Re: [PATCH v4 00/19] x86/resctrl : Support AMD Assignable Bandwidth Monitoring Counters (ABMC)

[Date Prev][Date Next][Thread Prev][Thread Next][Date Index][Thread Index]

 



Hi Reinette,

Thanks for the feedback for the series.

On 6/13/24 19:54, Reinette Chatre wrote:
Hi Babu,

On 5/24/24 5:23 AM, Babu Moger wrote:


d. This series adds a new interface file
/sys/fs/resctrl/info/L3_MON/mbm_assign_control
    to list and modify the group's assignment states.

There was a lot of discussion resulting in this centralized file. At first
glance this
file appears to be very complicated and I believe any reasonable person
would wonder if
all of this is necessary. I recommend that you add a motivation for why
this file is needed.
Some items I recall are : it makes it easier for user space to learn how
counters are used (no
need to traverse resctrl and open()/close() many files), on the resctrl
side it makes
it possible to support counter re-assignment with a single IPI. There may
be other motivations
that I am forgetting now.

Sure. Will add those details.

Also, could the name just be "mbm_control"? What is enabled at this time
are "assignable
counters" but in the future we may want to add support for other flags
that have nothing to
do with "assignable counters".

Yes. Sure.



    The list follows the following format:

    "<CTRL_MON group>/<MON group>/<domain_id>=<assignment_flags>"

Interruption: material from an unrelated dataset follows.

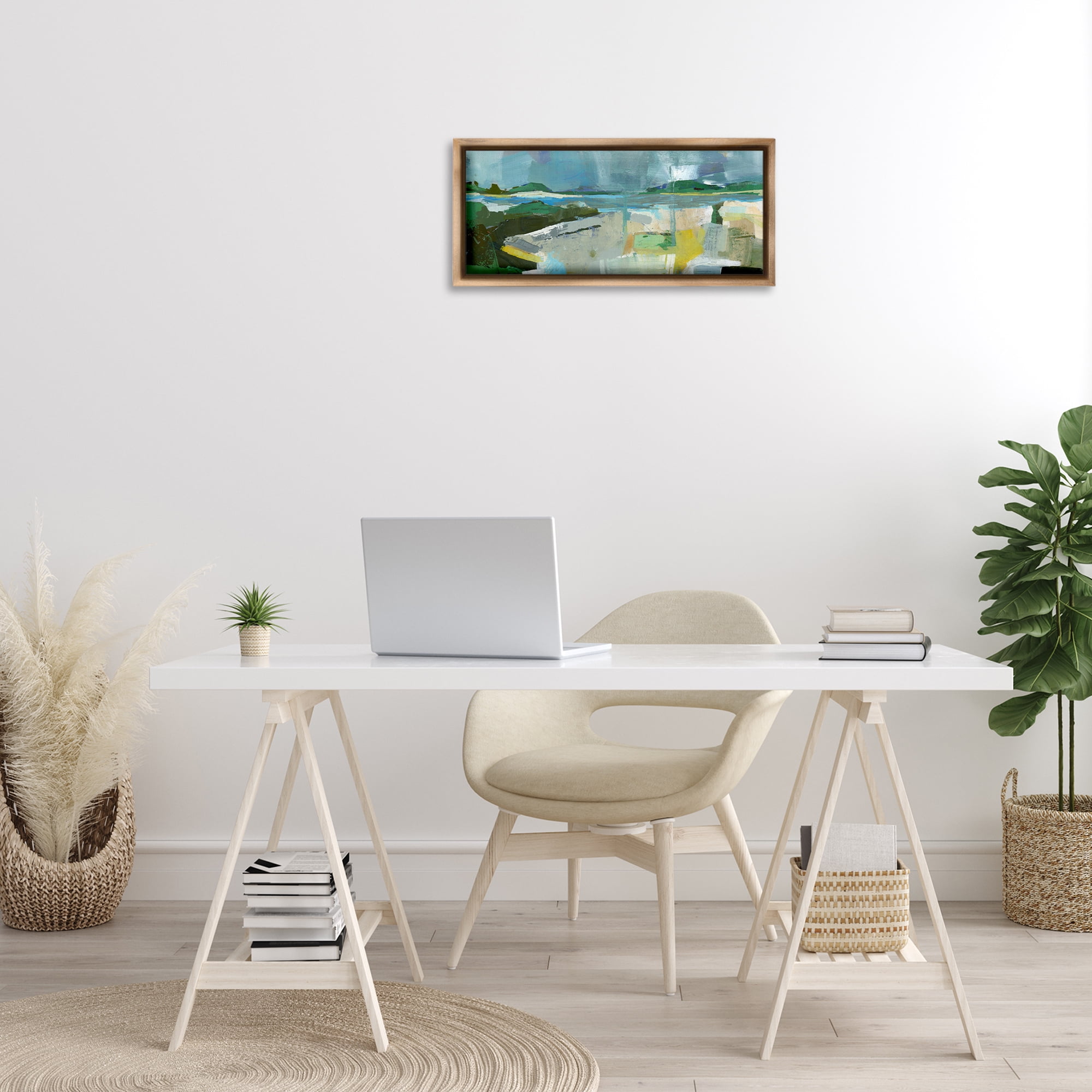 Stupell Industries Sea View Impression Abstract Painting Brown Floater Framed Canvas Art Print Wall Art, 25 x 11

"assignment_flags" -> "flags" ? (throughout)

Yes.




    Format for specific type of groups:

    * Default CTRL_MON group:
     "//<domain_id>=<assignment_flags>"

        * Non-default CTRL_MON group:
                "<CTRL_MON group>//<domain_id>=<assignment_flags>"

        * Child MON group of default CTRL_MON group:
                "/<MON group>/<domain_id>=<assignment_flags>"

        * Child MON group of non-default CTRL_MON group:
                "<CTRL_MON group>/<MON
group>/<domain_id>=<assignment_flags>"

        Assignment flags can be one of the following:

         t  MBM total event is enabled
         l  MBM local event is enabled
         tl Both total and local MBM events are enabled
         _  None of the MBM events are enabled

    Examples:

    # cat /sys/fs/resctrl/info/L3_MON/mbm_assign_control
    non_default_ctrl_mon_grp//0=tl;1=tl;
    non_default_ctrl_mon_grp/child_non_default_mon_grp/0=tl;1=tl;
    //0=tl;1=tl;
    /child_default_mon_grp/0=tl;1=tl;

    There are four groups and all the groups have local and total
    event enabled on domain 0 and 1.

    =tl means both total and local events are enabled.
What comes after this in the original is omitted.